Não tenho dúvida, aliás, de ter sido Guterres o nosso mais “superdotado” primeiro-ministro, na diversidade de saberes e multiplicidade de matérias que dominava, e domina. Nem tenho dúvida de haver sido o líder do PS responsável pela mais importante e conseguida iniciativa do partido, no campo da reflexão/ação: os Estados-Gerais para uma Nova Maioria, que mobilizaram milhares de cidadãos, talvez na sua maioria independentes e figuras de relevo nas suas áreas, para debater grandes questões nacionais, produzindo interessante documentação e um raro “contrato de legislatura” – com muitos objetivos ainda por atingir e que era bom que o PS não esquecesse.
Desiludido e abatido, sem meios nem força anímica para mudar a situação como desejava, na sequência de um resultado negativo do PS nas autárquicas, demitiu-se. Mal, em minha opinião, como então escrevi. Demitiu-se, para gáudio dos que o consideravam e lhe chamavam, vejam lá, “picareta falante”, usando a pretensa piada, fácil e mentirosa, de quem também garantia a sua condenação à, para ele(s), devida eterna irrelevância!…

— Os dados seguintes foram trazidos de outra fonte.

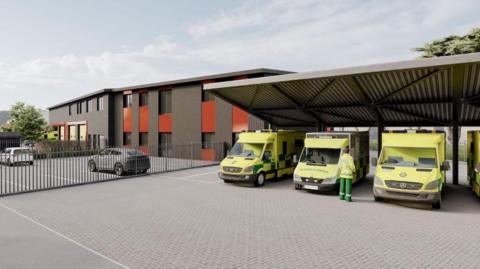 A CGI image of the new ambulance hub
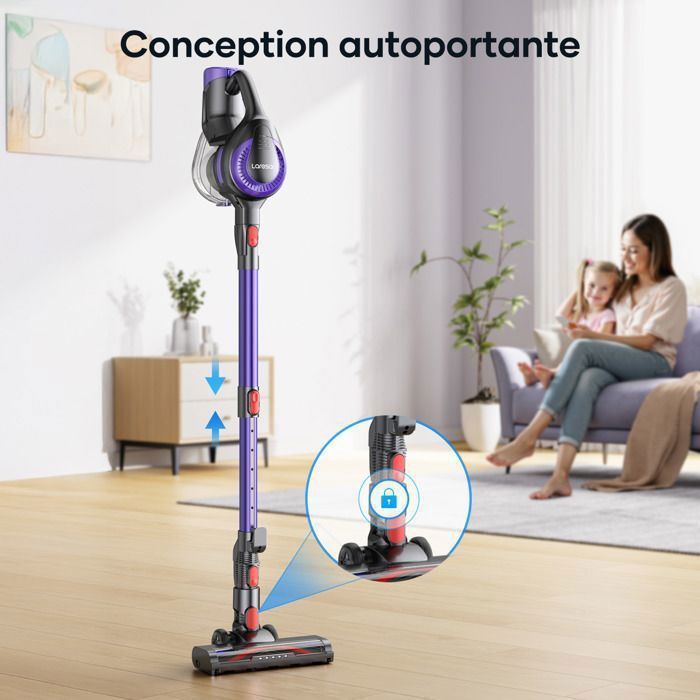 Aspirateur Balai sans Fil- Laresar V10-45Mins- 48000PA- Batterie Amovible-Technologie Yeux verts-Léger-Tapis et Poils d’Animaux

Viu-se. Vê-se. E de que maneira. Mas nem assim aprendem os que sobram desse tempo e os novos que agora os têm por mestres, lhes copiam os passos, lhes seguem o rasto. Se aqui trago este “exemplo” é pela sua atualidade – na política e no que sobre ela se escreve, continuam, por vezes agravadas, flagrantes injustiças de juízos; apreciações ligeiras, incompetentes ou de má-fé, em geral para obter certas vantagens, ser falado ou fazer falar; violações ou transigências éticas e deontológicas, tendo por inquestionável que ética e deontologia são essenciais na ação e na luta políticas.
De facto, o comum da política, em sentido amplo, está a um nível muito baixo. Com abundância de “casos” a que são dados o significado que não têm e o relevo que não merecem – e depressa passam, para voltarem se e quando der jeito. Sucedem-se insinuações, deturpações, acusações, incluindo ao nível interpartidário ou até pessoal, amiúde com falta de fundamento ou manifesto exagero. Ora, a continuar-se assim, cada vez menos cidadãos qualificados aceitarão intervir na política e ocupar cargos públicos. E nada serve mais as forças populistas, extremistas, antidemocráticas do que tais comportamentos. Será que políticos, comentadores e similares não o percebem? Ou será que a sua condenação de tais forças é mera retórica?